**Task objective:**
Write out the entire listing below exactly as it appears, minus any pictures.

**Data records:**
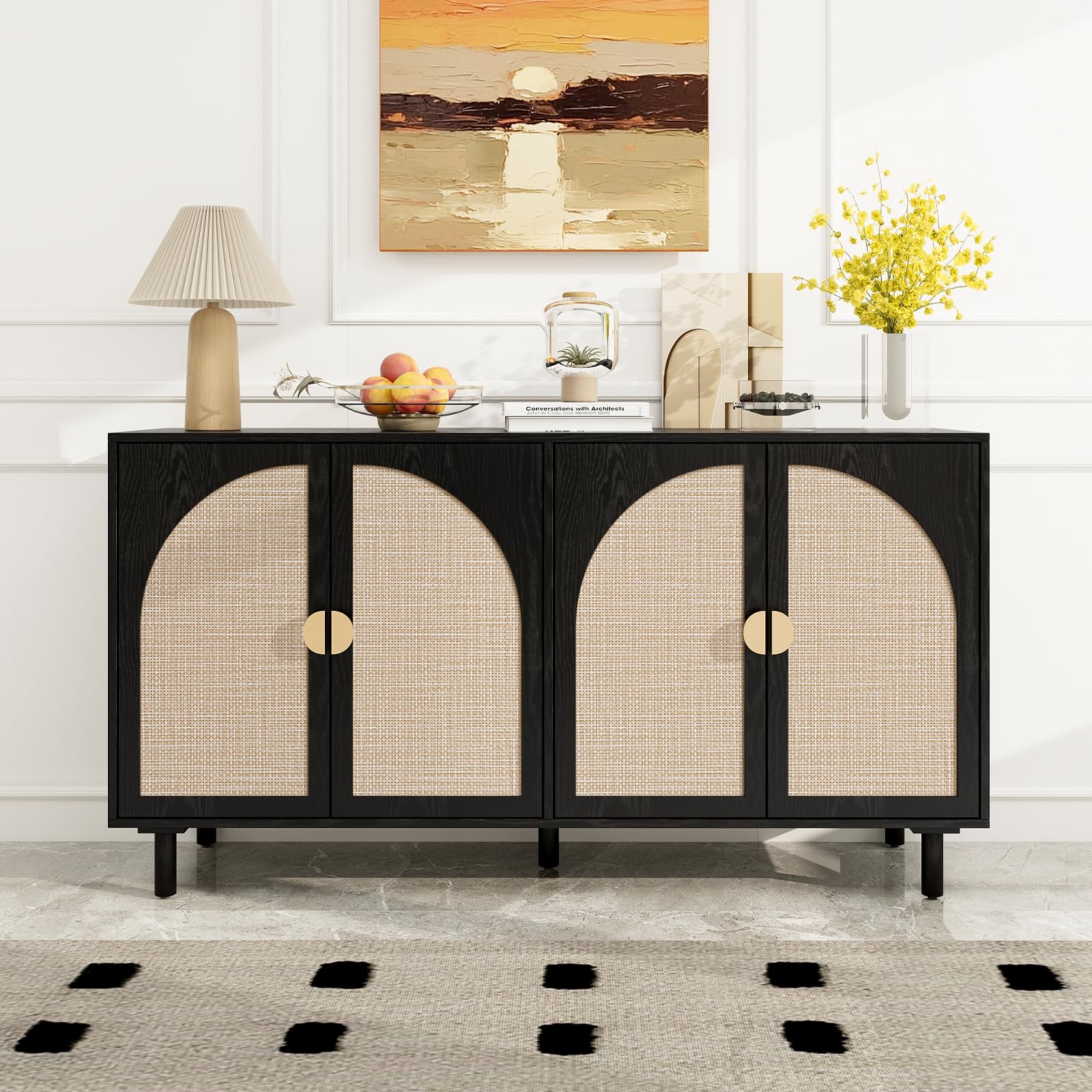 Modern Rattan Sideboard Buffet Cabinet with 4 Doors & 2 Adjustable Shelves - Stylish Boho Storage Console for Living Room, Kitchen, Dining Room - Perfect for Organizing Dishes, Linens & Home Decor (Black)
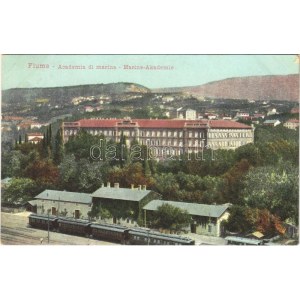 1909 Fiume, Rijeka; Osztrák-magyar haditengerészeti akadémia, vasútállomás vonattal / Academia di marina / K.u.K...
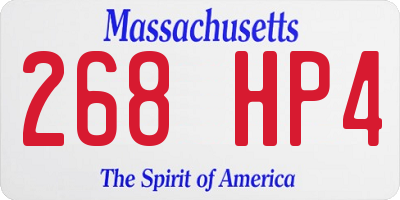 MA license plate 268HP4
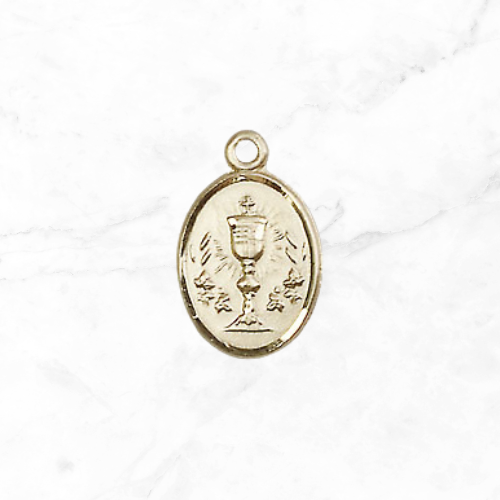 first communion  Catholic Rosary Charm gold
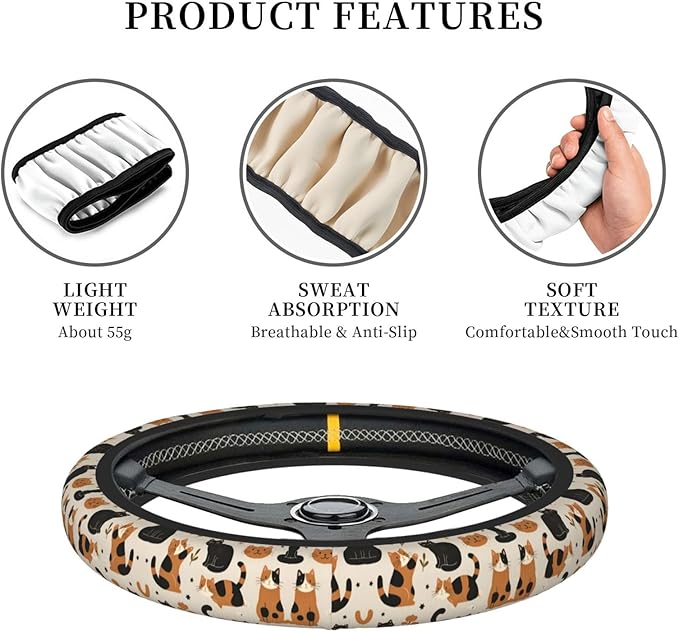 Neoprene Steering Wheel Cover Cute Cartoon Cats Pattern Car Steering Wheel Cover Universal Fit for Most Cars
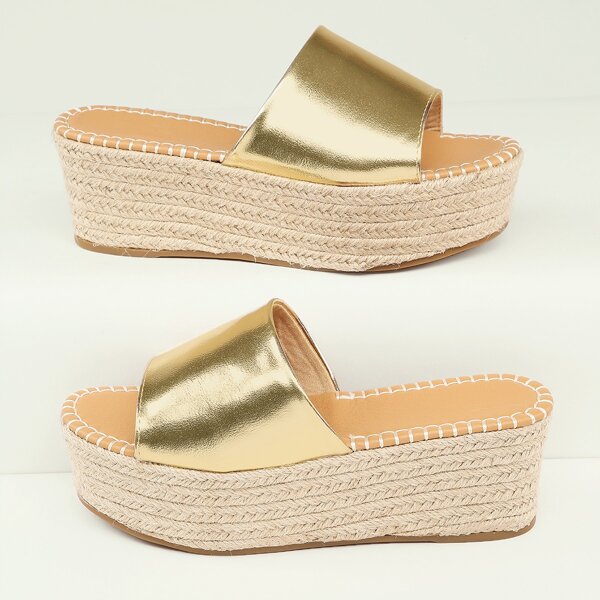 

Metallic Open Toe Platform Wedge Sandals, Gold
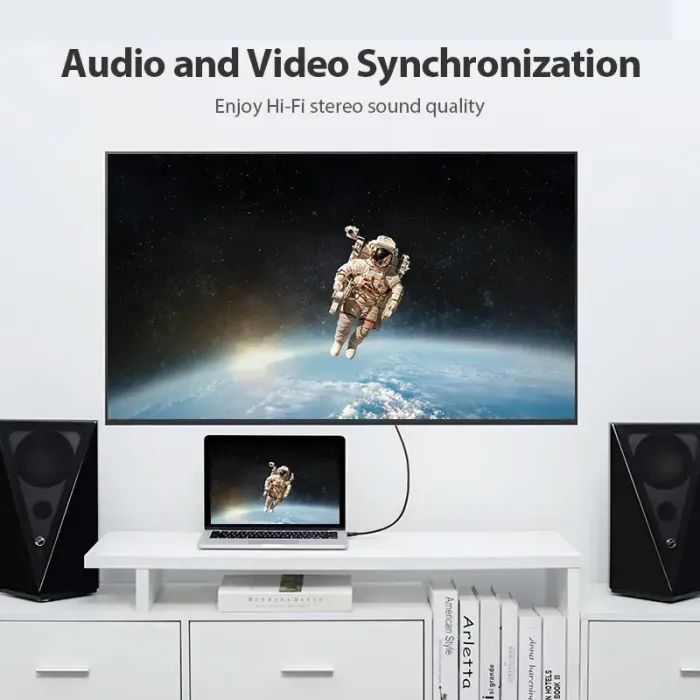 Кабель мультимедийный HDMI M to HDMI M 0.5m 4K60Hz black Vention (AAIBD) изображение 5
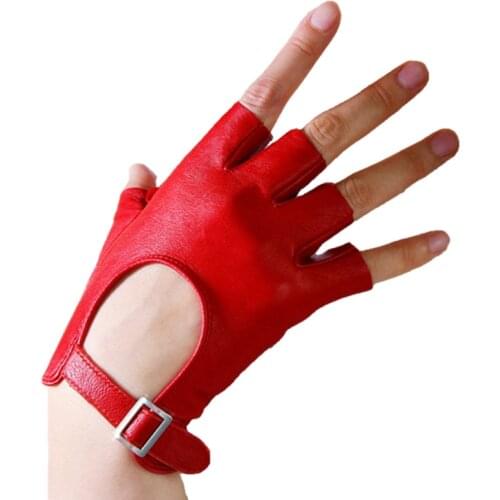 Women Leather Half Finger Gloves White Silver Square Buckle Ultra-Thin Pure Sheepskin Fingerless Short Spring Summer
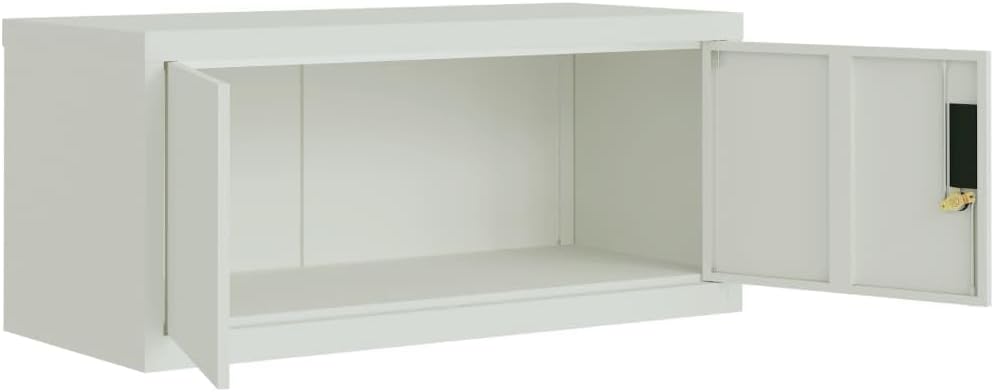 Light Grey Powder-Coated Steel File Cabinet with Lock, Medium Size Freestanding Storage for Office and Home Workspace, Durable Industrial Design Filing System Organizer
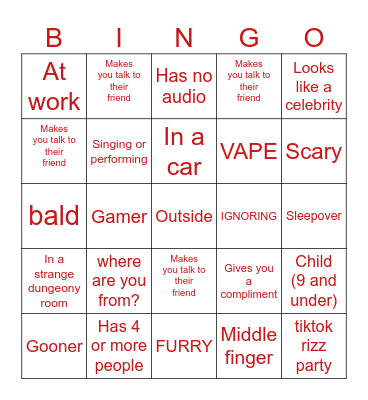 OmeTV Bingo Card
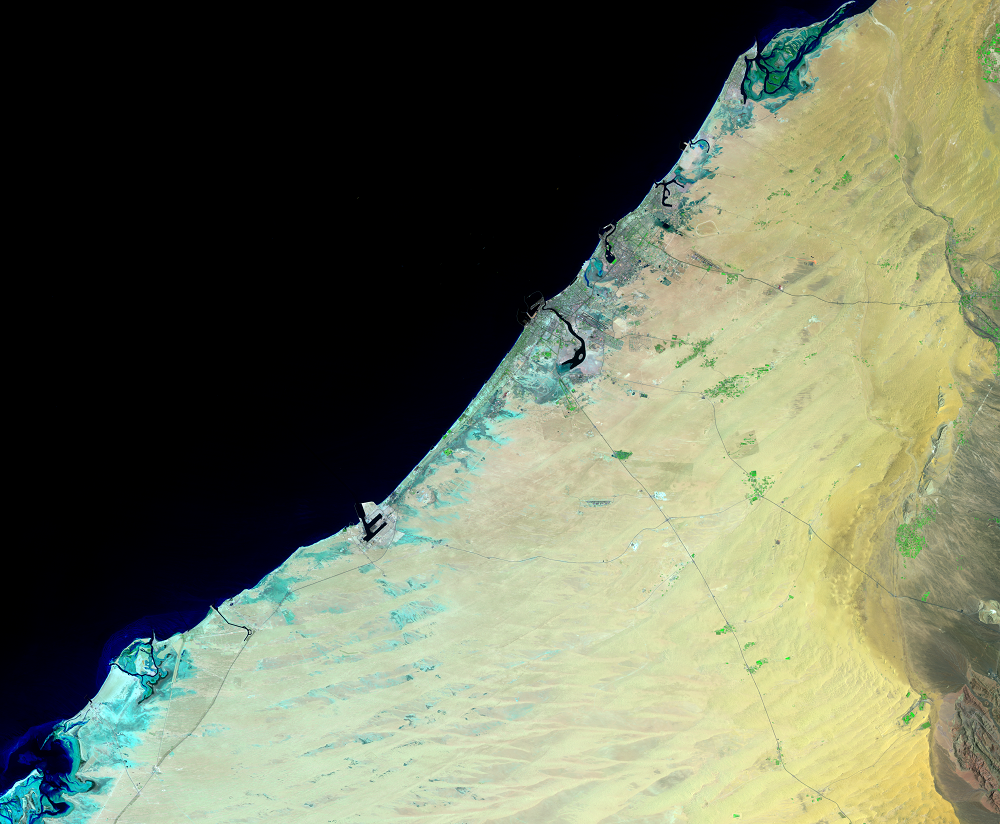 May 3, 1991, Landsat 5 (path/row 160/42,43) — Dubai, United Arab Emirates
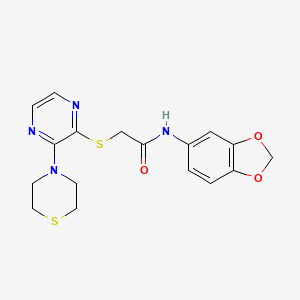 molecular formula C17H18N4O3S2 B2859197 N-(2H-1,3-benzodioxol-5-yl)-2-{[3-(thiomorpholin-4-yl)pyrazin-2-yl]sulfanyl}acetamide CAS No. 1189507-42-3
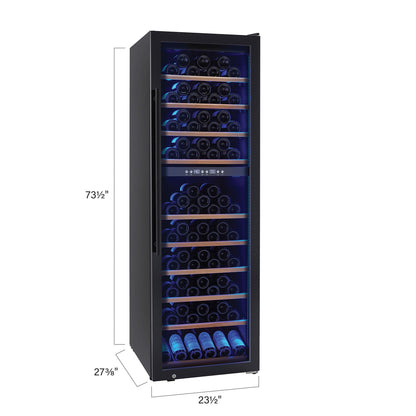 Wine Enthusiast Vinotech 190-bottle wine cellar dimension diagram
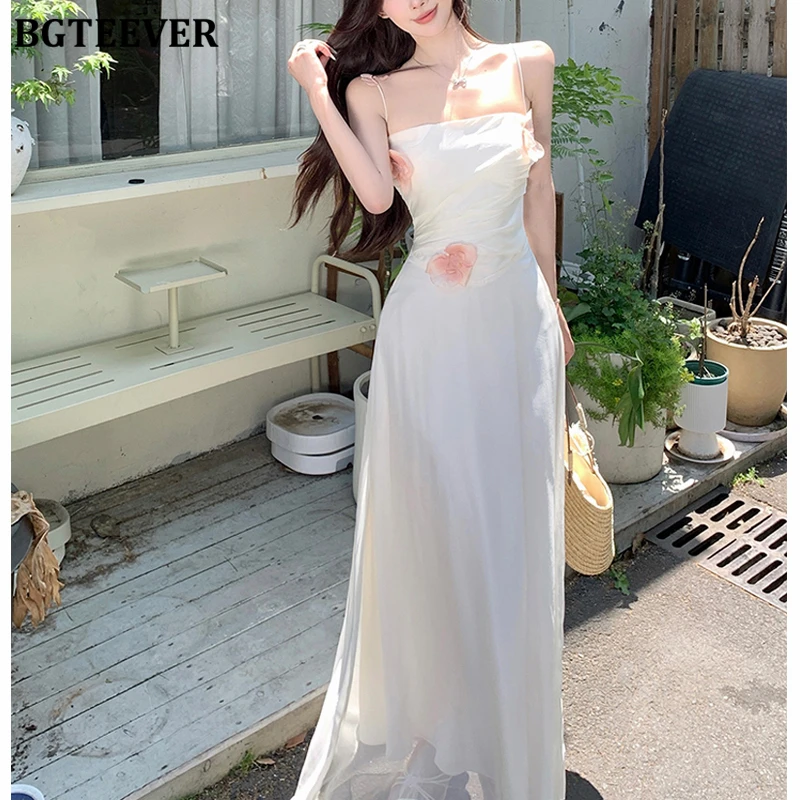 BGTEEVER Elegant Slim Waist Women Sleeveless A-line Dress Summer Stylish Ladies Spaghetti Strap Mid-Length Dress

**Task solution:**
 Modern Rattan Sideboard Buffet Cabinet with 4 Doors & 2 Adjustable Shelves - Stylish Boho Storage Console for Living Room, Kitchen, Dining Room - Perfect for Organizing Dishes, Linens & Home Decor (Black)
 1909 Fiume, Rijeka; Osztrák-magyar haditengerészeti akadémia, vasútállomás vonattal / Academia di marina / K.u.K...
 MA license plate 268HP4
 first communion  Catholic Rosary Charm gold
 Neoprene Steering Wheel Cover Cute Cartoon Cats Pattern Car Steering Wheel Cover Universal Fit for Most Cars

Metallic Open Toe Platform Wedge Sandals, Gold
 Кабель мультимедийный HDMI M to HDMI M 0.5m 4K60Hz black Vention (AAIBD) изображение 5
 Women Leather Half Finger Gloves White Silver Square Buckle Ultra-Thin Pure Sheepskin Fingerless Short Spring Summer
 Light Grey Powder-Coated Steel File Cabinet with Lock, Medium Size Freestanding Storage for Office and Home Workspace, Durable Industrial Design Filing System Organizer
 OmeTV Bingo Card
 May 3, 1991, Landsat 5 (path/row 160/42,43) — Dubai, United Arab Emirates
 molecular formula C17H18N4O3S2 B2859197 N-(2H-1,3-benzodioxol-5-yl)-2-{[3-(thiomorpholin-4-yl)pyrazin-2-yl]sulfanyl}acetamide CAS No. 1189507-42-3
 Wine Enthusiast Vinotech 190-bottle wine cellar dimension diagram
 BGTEEVER Elegant Slim Waist Women Sleeveless A-line Dress Summer Stylish Ladies Spaghetti Strap Mid-Length Dress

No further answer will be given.